Performance Management Systems
and Evaluation:
Towards a Mutually Reinforcing Relationship

Jacob Alex Klerman

Principal Associate

Abt Associates

Abstract

Rigorous impact evaluation is needed to screen out programs and program innovations that are not effective or cost-effective. However, current strategy for rigorous impact evaluations is very expensive, leading to samples too small to detect the expected small impacts of incremental changes to ongoing programs. This paper argues that an alternative approach to rigorous impact evaluation—one that is better integrated with program operation and that exploits data collected as part of ongoing performance measurement systems—would be much cheaper and could therefore be used to assess the impact of incremental changes. Doing so is crucial since the kaizen approach to manufacturing suggests that big improvements are the cumulative result of many incremental changes.

Key words: Evaluation, Performance Measurement.

Paper prepared for “Improving the Quality of Public Services A Multinational Conference”; Moscow, June 27-29, 2011.

Address Correspondence to: Jacob Alex Klerman, Abt Associates, 55 Wheeler St., Cambridge, MA 02138-1168; Jacob_Klerman@ abtassoc.com

Evaluation and Performance Measurement — 1 —Klerman

Rigorous, independent program evaluations can be a key resource in determining whether government programs are achieving their intended outcomes as well as possible and at the lowest possible cost. Evaluations can help policymakers and agency managers strengthen the design and operation of programs. Ultimately, evaluations can help the Administration determine how to spend taxpayer dollars effectively and efficiently -- investing more in what works and less in what does not.

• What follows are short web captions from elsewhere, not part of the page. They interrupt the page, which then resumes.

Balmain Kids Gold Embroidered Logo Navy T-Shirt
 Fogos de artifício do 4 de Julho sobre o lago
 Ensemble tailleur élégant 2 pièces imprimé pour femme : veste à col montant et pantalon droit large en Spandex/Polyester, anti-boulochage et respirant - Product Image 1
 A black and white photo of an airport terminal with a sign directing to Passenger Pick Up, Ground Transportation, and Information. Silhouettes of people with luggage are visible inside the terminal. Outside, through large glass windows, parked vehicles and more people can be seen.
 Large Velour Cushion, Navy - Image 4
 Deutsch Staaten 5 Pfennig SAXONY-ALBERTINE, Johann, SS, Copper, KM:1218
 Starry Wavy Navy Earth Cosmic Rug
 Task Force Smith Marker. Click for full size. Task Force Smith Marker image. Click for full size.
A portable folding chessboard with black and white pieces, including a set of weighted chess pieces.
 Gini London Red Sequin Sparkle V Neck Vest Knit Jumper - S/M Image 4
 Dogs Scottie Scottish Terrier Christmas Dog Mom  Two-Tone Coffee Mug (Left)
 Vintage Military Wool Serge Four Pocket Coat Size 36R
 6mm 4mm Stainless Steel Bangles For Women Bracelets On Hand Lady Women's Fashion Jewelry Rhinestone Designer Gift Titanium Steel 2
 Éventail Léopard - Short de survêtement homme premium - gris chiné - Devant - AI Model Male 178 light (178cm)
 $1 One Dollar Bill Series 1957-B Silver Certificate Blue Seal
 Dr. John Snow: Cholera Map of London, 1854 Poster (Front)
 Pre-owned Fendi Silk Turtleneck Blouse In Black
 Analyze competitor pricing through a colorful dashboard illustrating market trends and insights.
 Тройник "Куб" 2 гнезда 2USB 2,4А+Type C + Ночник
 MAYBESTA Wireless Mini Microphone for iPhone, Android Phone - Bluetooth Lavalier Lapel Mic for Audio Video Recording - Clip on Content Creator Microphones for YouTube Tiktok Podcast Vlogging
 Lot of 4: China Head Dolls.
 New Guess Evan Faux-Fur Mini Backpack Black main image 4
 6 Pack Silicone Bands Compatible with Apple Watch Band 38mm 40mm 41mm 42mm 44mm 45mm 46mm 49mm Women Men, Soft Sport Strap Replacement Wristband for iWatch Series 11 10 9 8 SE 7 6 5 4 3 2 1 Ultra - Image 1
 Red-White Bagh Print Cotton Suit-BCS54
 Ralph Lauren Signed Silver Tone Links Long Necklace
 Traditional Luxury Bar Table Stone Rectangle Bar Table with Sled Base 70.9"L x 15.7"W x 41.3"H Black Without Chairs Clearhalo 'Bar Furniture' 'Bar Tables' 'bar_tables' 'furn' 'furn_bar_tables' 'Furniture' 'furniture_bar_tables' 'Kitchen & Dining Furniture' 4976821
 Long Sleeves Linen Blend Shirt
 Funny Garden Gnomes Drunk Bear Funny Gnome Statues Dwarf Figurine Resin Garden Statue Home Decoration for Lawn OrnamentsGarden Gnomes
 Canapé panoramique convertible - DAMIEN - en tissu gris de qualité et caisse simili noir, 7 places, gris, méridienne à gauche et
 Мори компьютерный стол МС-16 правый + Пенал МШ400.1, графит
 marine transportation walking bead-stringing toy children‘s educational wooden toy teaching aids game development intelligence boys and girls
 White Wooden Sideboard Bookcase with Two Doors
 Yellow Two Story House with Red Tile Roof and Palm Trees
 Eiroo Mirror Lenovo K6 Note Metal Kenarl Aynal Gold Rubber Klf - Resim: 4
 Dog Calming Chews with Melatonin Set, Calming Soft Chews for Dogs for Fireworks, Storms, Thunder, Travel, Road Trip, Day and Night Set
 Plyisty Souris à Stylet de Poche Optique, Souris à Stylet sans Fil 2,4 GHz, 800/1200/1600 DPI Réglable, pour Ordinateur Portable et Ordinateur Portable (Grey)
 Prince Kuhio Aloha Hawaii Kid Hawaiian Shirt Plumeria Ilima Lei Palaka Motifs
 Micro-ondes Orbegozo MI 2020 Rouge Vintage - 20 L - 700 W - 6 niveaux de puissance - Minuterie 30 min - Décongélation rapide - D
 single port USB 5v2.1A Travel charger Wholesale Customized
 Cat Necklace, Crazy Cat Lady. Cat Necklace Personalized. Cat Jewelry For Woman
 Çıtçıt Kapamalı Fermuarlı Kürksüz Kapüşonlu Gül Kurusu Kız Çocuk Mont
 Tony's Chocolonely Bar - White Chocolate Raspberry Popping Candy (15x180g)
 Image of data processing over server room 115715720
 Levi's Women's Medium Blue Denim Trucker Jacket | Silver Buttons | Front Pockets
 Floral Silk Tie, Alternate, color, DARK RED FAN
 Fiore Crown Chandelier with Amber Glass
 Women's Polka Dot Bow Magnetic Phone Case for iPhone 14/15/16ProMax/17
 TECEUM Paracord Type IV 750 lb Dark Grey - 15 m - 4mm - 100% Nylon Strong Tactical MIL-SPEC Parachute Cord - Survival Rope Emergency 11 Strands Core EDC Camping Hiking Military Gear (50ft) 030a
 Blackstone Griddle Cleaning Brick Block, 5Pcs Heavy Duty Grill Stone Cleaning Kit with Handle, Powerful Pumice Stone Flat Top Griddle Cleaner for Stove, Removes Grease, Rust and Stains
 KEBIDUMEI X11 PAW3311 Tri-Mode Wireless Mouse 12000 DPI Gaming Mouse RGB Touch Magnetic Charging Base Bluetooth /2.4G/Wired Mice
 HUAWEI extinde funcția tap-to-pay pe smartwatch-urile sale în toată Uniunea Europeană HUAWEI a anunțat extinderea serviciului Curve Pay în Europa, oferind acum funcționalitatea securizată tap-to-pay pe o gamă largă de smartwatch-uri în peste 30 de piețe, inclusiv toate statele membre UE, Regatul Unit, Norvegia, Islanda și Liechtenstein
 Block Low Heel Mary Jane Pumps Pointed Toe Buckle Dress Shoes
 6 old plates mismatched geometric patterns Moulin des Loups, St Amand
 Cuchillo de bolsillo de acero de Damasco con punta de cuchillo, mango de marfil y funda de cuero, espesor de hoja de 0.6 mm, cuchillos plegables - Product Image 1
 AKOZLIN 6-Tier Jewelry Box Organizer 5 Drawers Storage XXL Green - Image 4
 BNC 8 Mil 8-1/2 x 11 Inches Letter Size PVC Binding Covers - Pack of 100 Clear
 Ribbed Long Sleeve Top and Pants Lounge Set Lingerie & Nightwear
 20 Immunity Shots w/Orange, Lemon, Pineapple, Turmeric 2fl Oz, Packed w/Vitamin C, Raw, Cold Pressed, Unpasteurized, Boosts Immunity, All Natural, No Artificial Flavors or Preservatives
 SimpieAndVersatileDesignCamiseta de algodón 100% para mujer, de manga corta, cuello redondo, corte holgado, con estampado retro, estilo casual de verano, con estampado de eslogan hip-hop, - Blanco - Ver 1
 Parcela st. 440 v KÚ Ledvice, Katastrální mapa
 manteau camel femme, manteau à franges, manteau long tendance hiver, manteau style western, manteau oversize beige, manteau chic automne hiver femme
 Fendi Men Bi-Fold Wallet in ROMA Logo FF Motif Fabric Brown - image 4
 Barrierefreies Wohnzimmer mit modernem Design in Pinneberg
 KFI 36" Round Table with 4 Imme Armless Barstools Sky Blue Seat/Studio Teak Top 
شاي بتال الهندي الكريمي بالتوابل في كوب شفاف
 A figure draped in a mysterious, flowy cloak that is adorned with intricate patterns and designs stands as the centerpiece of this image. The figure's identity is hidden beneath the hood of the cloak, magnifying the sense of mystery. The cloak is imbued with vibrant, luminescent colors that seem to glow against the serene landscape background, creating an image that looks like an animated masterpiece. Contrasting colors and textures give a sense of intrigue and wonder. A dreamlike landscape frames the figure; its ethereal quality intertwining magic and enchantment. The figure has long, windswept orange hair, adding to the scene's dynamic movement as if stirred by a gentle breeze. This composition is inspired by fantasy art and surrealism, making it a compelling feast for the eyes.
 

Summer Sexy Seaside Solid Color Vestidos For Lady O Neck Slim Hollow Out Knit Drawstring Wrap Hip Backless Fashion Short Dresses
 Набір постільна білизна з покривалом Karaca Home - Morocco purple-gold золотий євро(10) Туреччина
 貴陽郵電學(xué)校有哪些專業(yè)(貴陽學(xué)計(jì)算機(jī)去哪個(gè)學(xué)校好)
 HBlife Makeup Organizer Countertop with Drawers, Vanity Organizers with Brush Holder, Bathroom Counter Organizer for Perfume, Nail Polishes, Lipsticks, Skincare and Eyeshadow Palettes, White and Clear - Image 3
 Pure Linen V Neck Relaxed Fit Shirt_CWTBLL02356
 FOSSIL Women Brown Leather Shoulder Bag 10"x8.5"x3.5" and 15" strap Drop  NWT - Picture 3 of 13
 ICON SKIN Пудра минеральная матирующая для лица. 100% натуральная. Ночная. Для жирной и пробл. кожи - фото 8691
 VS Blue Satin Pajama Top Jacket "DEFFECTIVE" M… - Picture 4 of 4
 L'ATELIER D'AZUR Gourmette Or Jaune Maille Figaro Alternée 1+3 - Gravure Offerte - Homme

Peter Orszag, Director of Office of Management and Budget (2009;
emphasis added)

This paper considers the relationship between program operations, rigorous impact evaluation, and performance measurement systems.[1] We argue that current evaluations usually ask: Does this program work at all? The implicit policy response is to shut the program down. Given that most large social programs serve clear needs—and that the nature of the political process makes it difficult to kill even ineffective programs—a negative evaluation result for a program as a whole is not particularly useful.

In contrast to this question that current evaluations attempt to answer, program operators seek answers to a sequence of more detailed questions:[2] What incremental changes could we make to the program to make it more effective? Which aspects of the program are working? Are some program models to address our target population and our target program working better than others?

To a great extent because of the high costs of survey data collection, current evaluation strategy is too expensive to support the large samples and continuous exploration of incremental changes needed to address the program operator’s questions. This is unfortunate because the kaizen approach to manufacturing suggests that important improvements in productivity (for social program, in program impact) arise and cumulative effect of many incremental changes.

Building on ideas in earlier broad discussions of evaluation practice (e.g., Orr, 1999, 249-256; Coalition for Evidence Based Policy, 2007; Besharov, 2009), this paper sketches an alternative approach to evaluation that would be complementary to the current strategy. Where the current strategy mounts discrete, special-purpose, but expensive, up or down evaluations often of new programs; the alternative strategy described here is deliberately nearly the mirror image—a sequence of evaluations of, low cost, incremental changes to ongoing large programs. Crucially for the feasibility of this incremental approach, the alternative strategy replaces expensive survey data-based collection of information on outcomes

The balance of this paper develops this idea. The next section restates the conventional argument for rigorous impact evaluation. The second section describes current conventional rigorous impact evaluation strategy. This section argues that—to a great extent because of very high data collection costs for household surveys—this current strategy is so expensive as to be infeasible for studying the incremental changes that kaizen suggests are crucial and which would be useful to program operators and managers. The third section sketches an alternative approach. Among the key insights is that, in many cases, performance measurement information can replace expensive surveys, substantially driving down evaluation costs. Such lower costs are crucial to enabling the larger samples required to detect the small impacts that should be expected from incremental changes. The fourth section applies these ideas to Head Start. The final section summarizes the argument and discusses when it will work, and when it will not.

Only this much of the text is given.